▶ Exercise description
Beginning at the line containing "Actual product image", give again every line through the end of the data, unchanged and with both ends included. Drop any pictures.

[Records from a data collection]
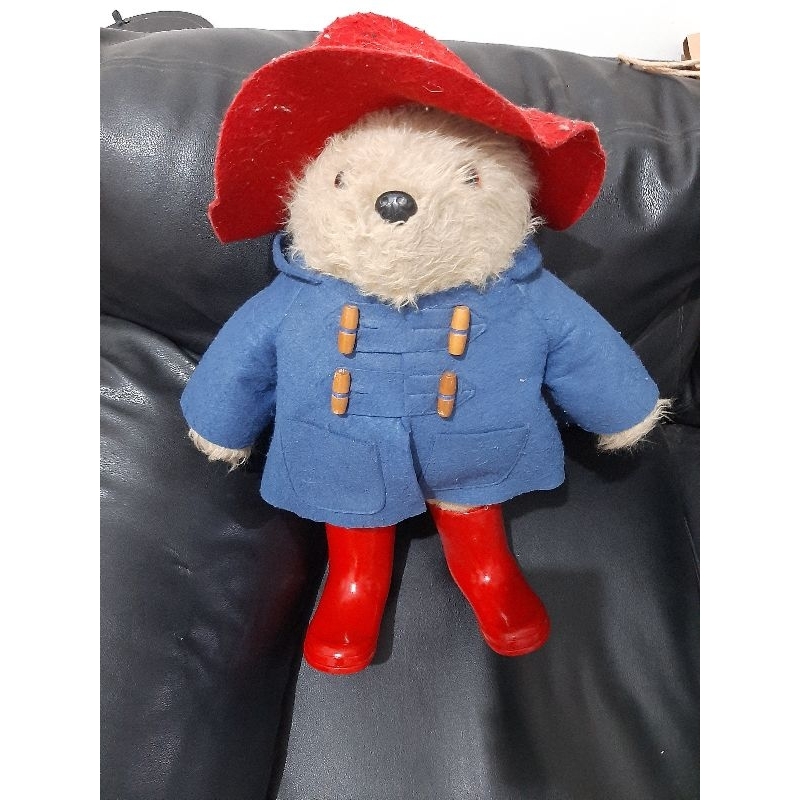 Boneka Paddington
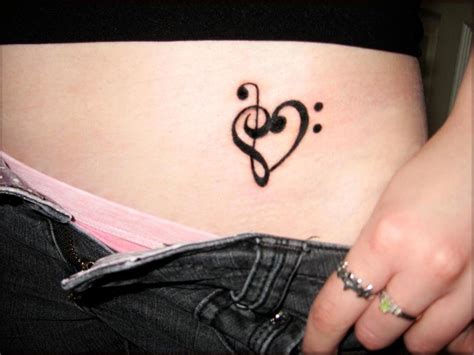 CR Tattoos Design: Small tattoos for women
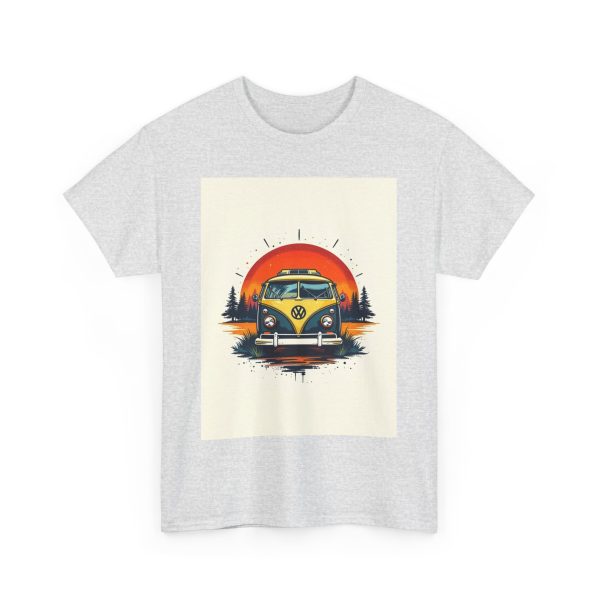 Sunset Wanderlust - T-shirt - Image 7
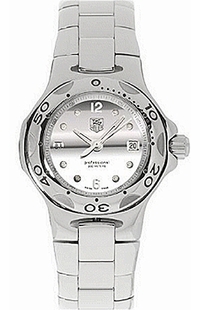 Tag Heuer Kirium WL131C.BA0710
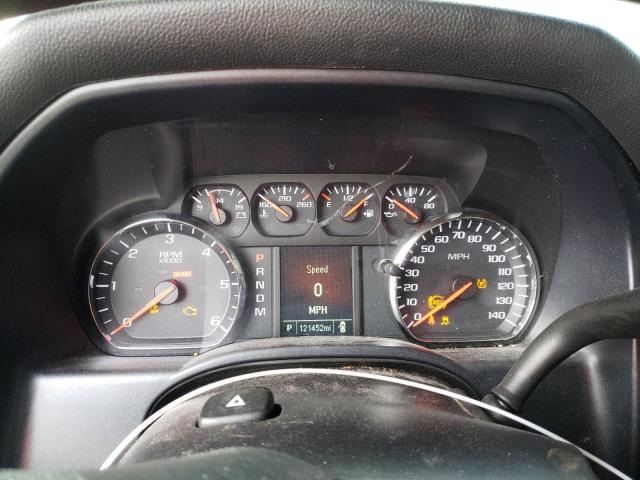 1GTV2TEH9FZ372716 GMC Sierra K1500
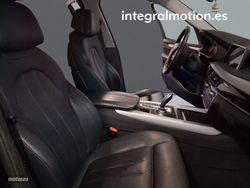 BMW X5 xDrive30d - Miniatura 9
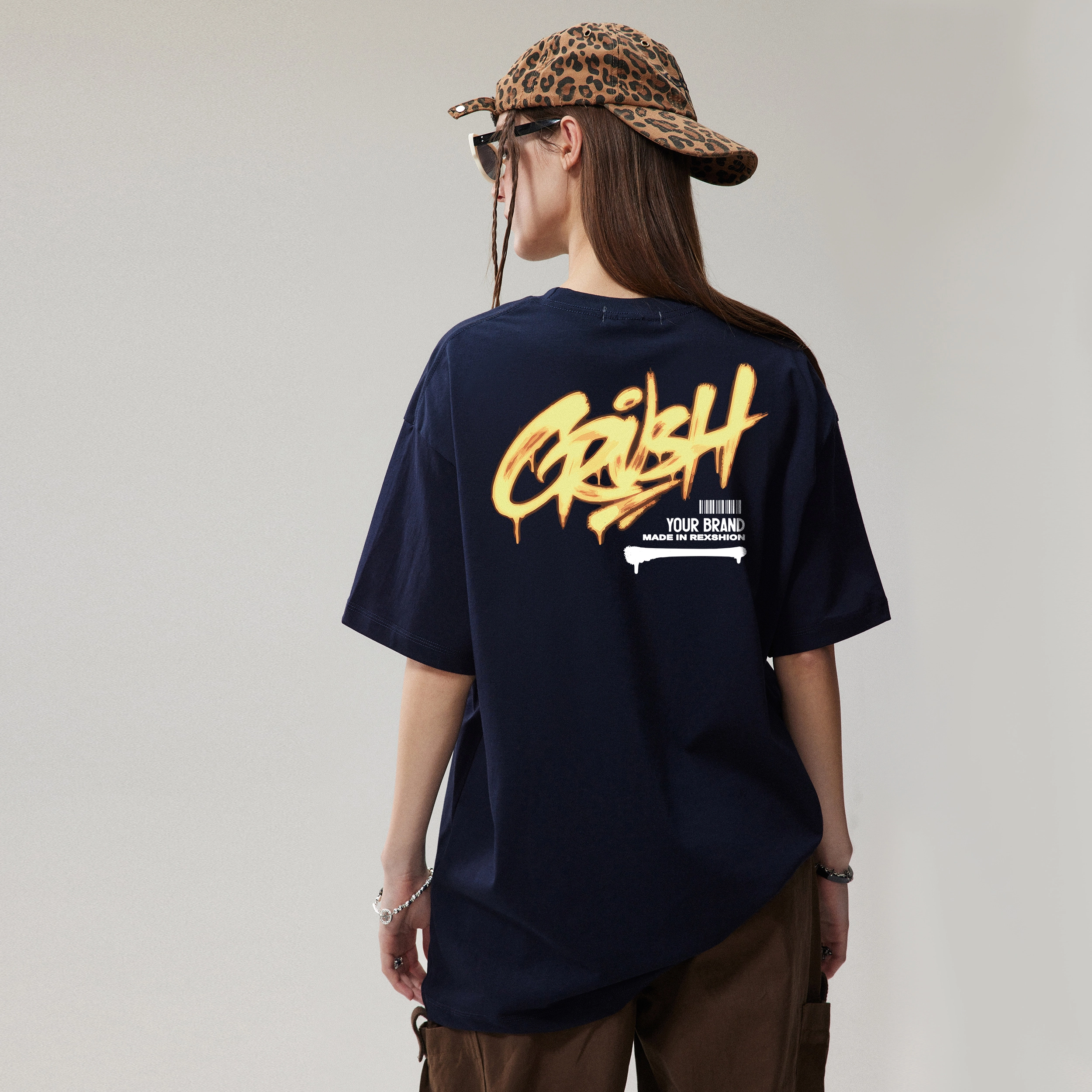 REXSHION T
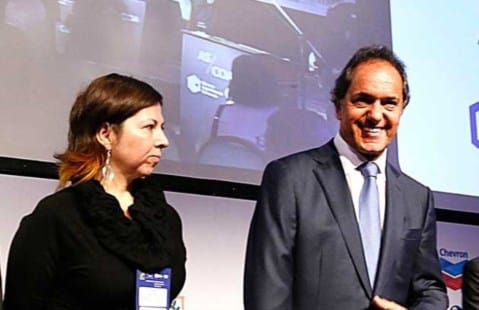 Quién es Silvina Batakis, la elegida por Alberto Fernández para reemplazar a Guzmán en el Ministerio de Economía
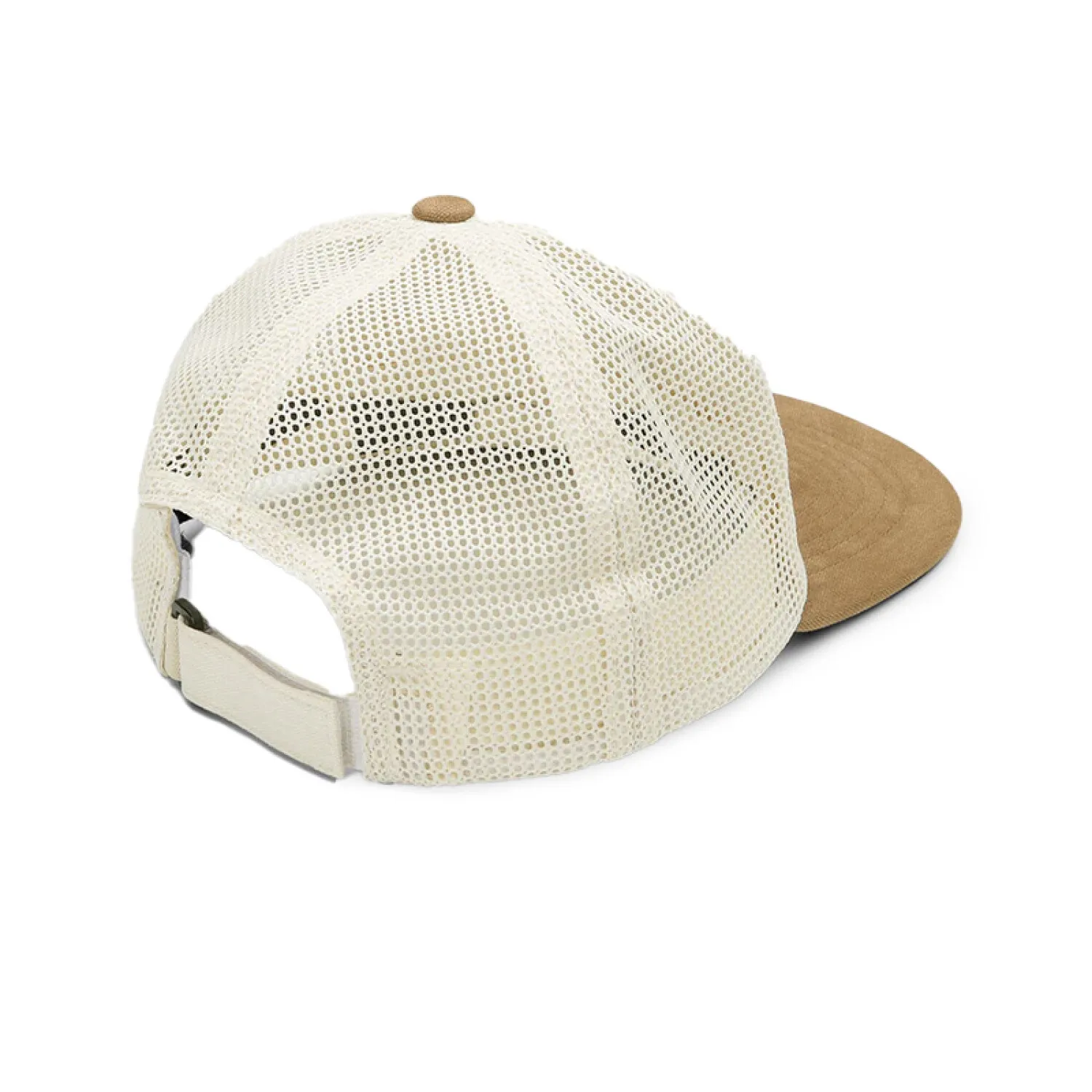 GORRO VOLCOM EARTH TRIPPER CAMPER ADJUSTABLE  BEIGE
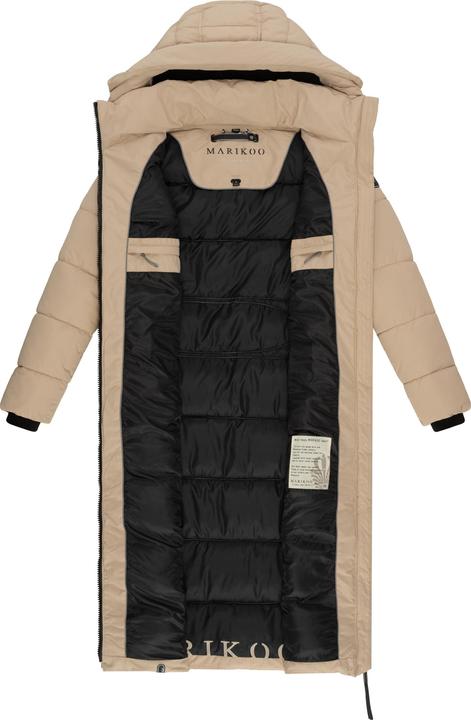 Actual product image Marikoo Nadeshikoo XVI (XL)
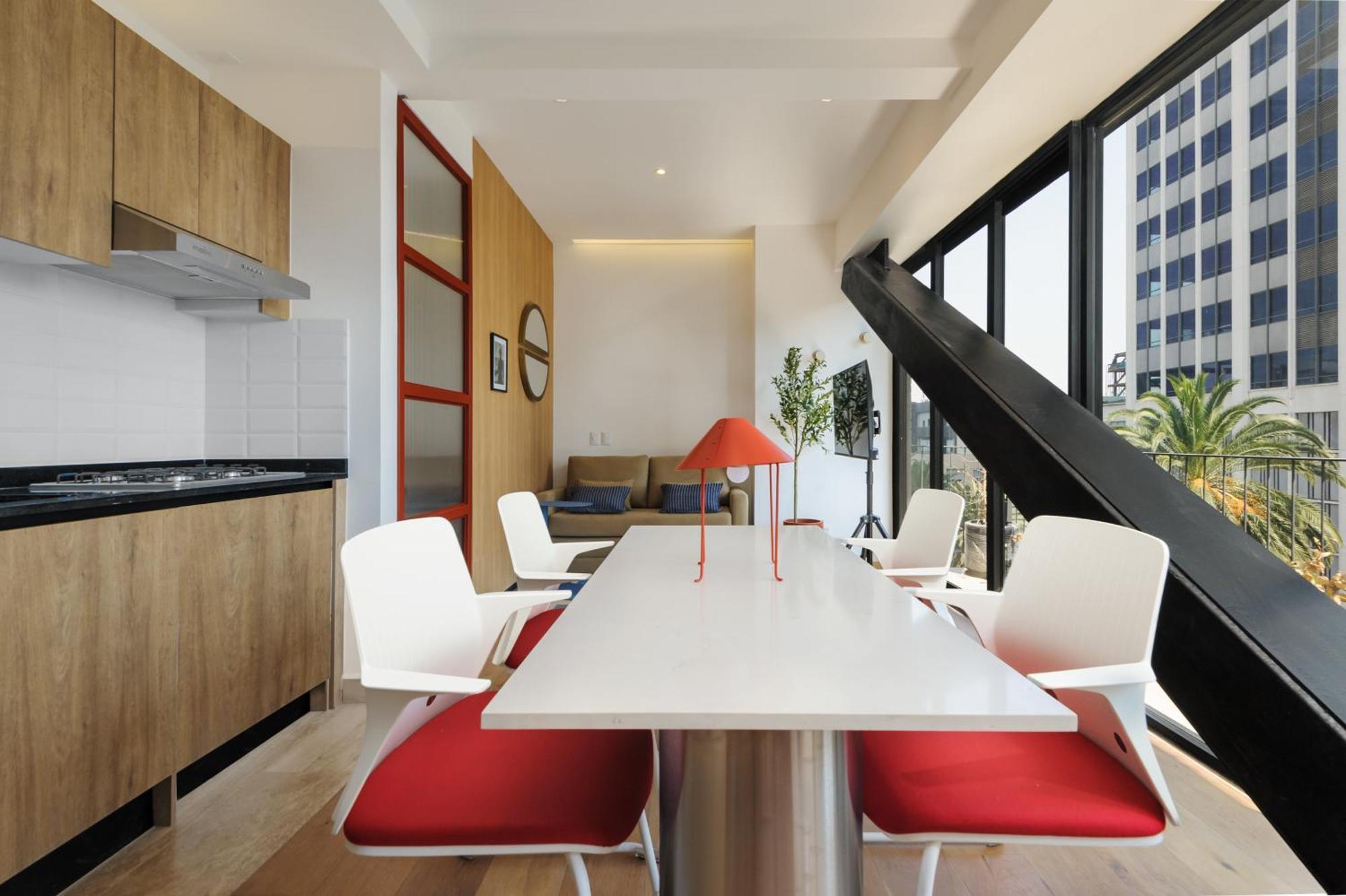 Casa Colon Apartment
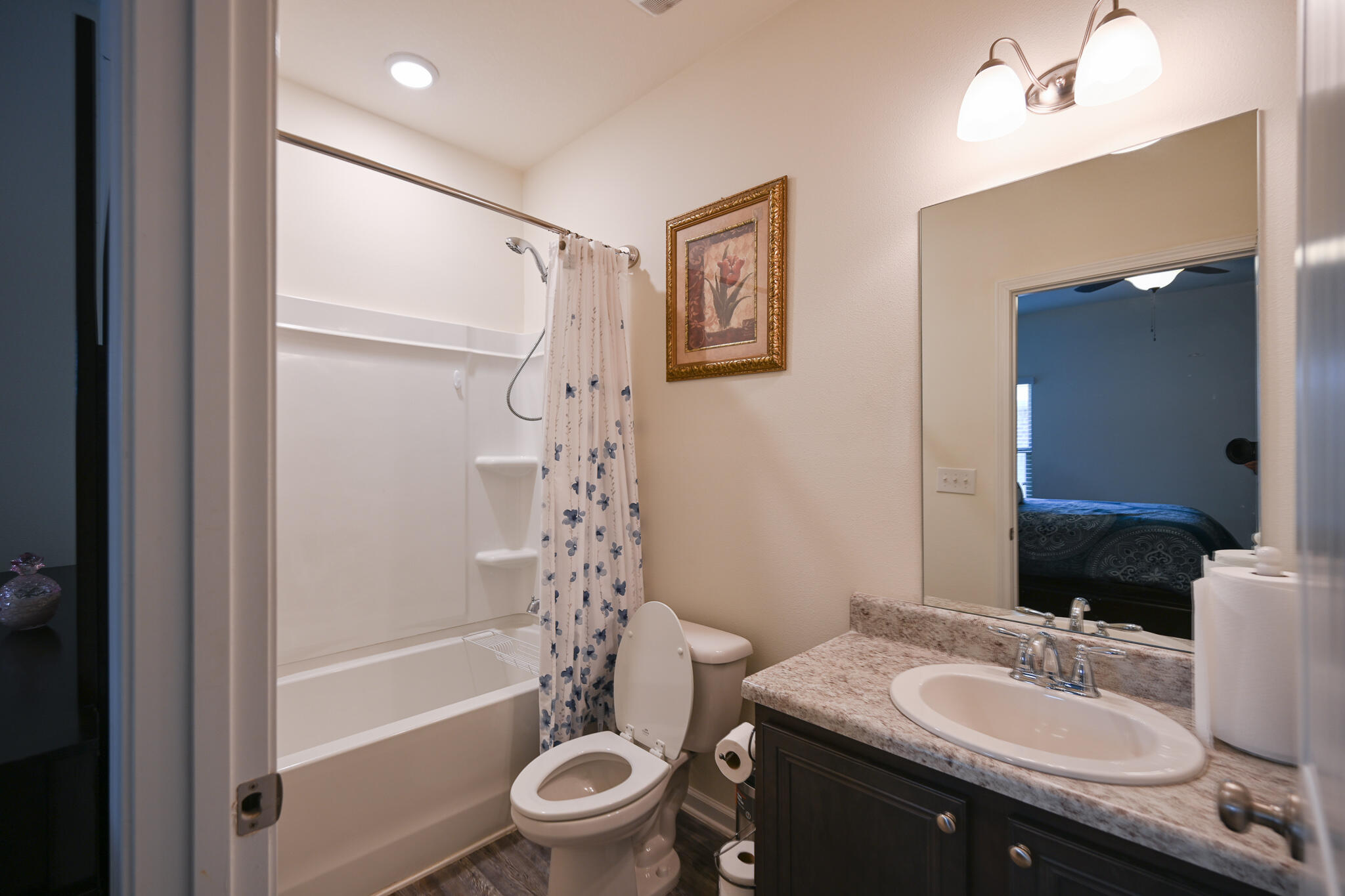 Redstone Commons - Residential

▶ Answer section
 Actual product image Marikoo Nadeshikoo XVI (XL)
 Casa Colon Apartment
 Redstone Commons - Residential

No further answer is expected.